Incorporated in the 19th century by the colony of Victoria, the University of Melbourne is one of Australia's six sandstone universities and a member of the Group of Eight, Universitas 21, Washington University's McDonnell International Scholars Academy, and the Association of Pacific Rim Universities. Since 1872 various residential colleges have become affiliated with the university, offering accommodation for students and faculty, and academic, sporting and cultural programs. There are ten colleges located on the main campus and in nearby suburbs.
The university comprises ten separate academic units and is associated with numerous institutes and research centres, including the Walter and Eliza Hall Institute of Medical Research, Florey Institute of Neuroscience and Mental Health, the Melbourne Institute of Applied Economic and Social Research and the Grattan Institute. Amongst the university's fifteen graduate schools, the Melbourne Business School, the Melbourne Law School and the Melbourne Medical School are particularly well regarded.

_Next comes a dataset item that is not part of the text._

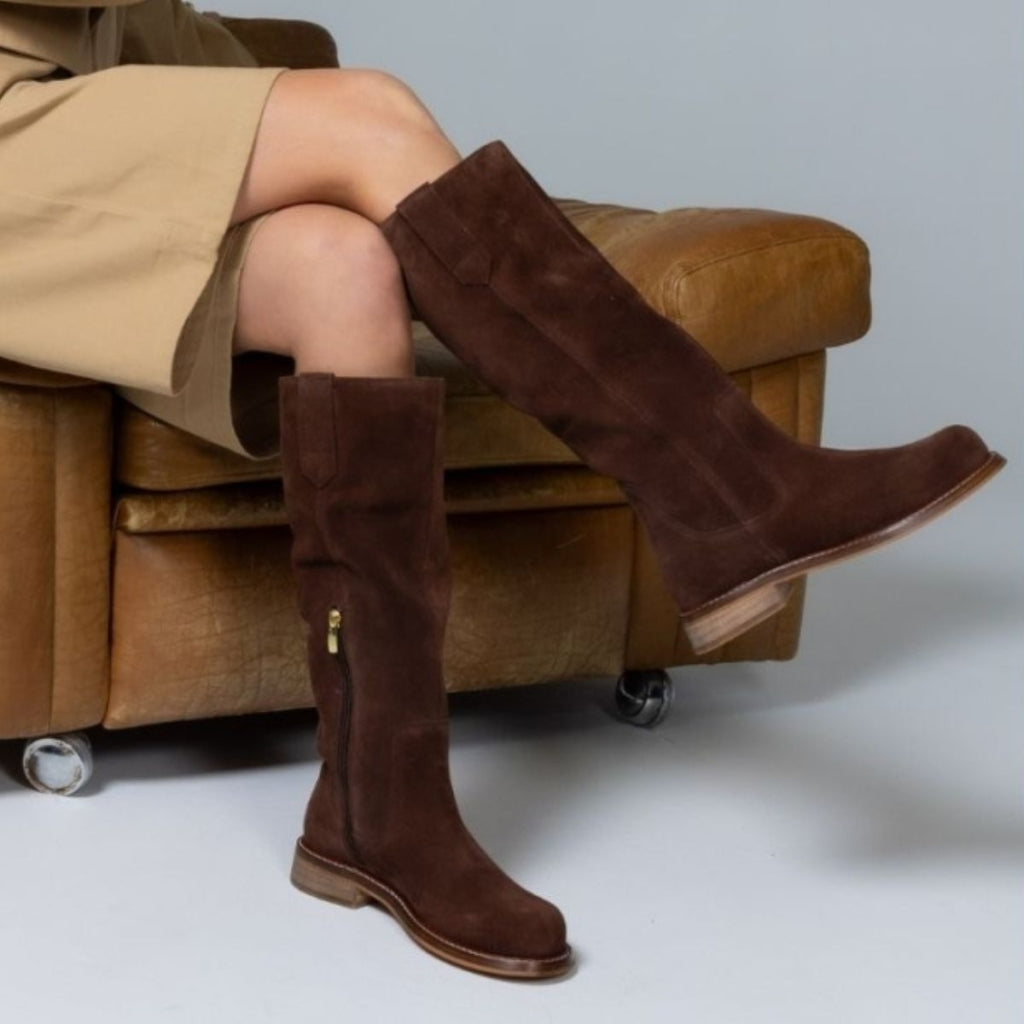 COPENHAGEN SHOES I DO ICONIC HIGH Long boot 042 CHOCOLATE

Times Higher Education ranked the University of Melbourne first in Australia and 31st globally in 2021, while the Academic Ranking of World Universities places it 35th in the world (both first in Australia and the whole of Oceania). In the QS World University Rankings 2021, the university ranks 41st globally and 3rd in Australia. Four Australian prime ministers and five governors-general have graduated from the University of Melbourne. Eight Nobel Laureates have taught, studied and researched at the University of Melbourne, the most of any Australian university.

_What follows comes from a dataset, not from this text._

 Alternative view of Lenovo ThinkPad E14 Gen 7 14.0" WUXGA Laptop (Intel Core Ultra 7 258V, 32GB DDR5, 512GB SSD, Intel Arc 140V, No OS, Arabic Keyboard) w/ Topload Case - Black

The university's coat of arms is a blue shield on which a depiction of “Victory” in white colour holds her laurel wreath over the stars of the Southern Cross. The motto, Postera crescam laude (“Later I shall grow by praise” or, more freely, “We shall grow in the esteem of future generations”), is written on a scroll beneath the shield. The Latin is from a line in Horace's Odes: ego postera crescam laude recens.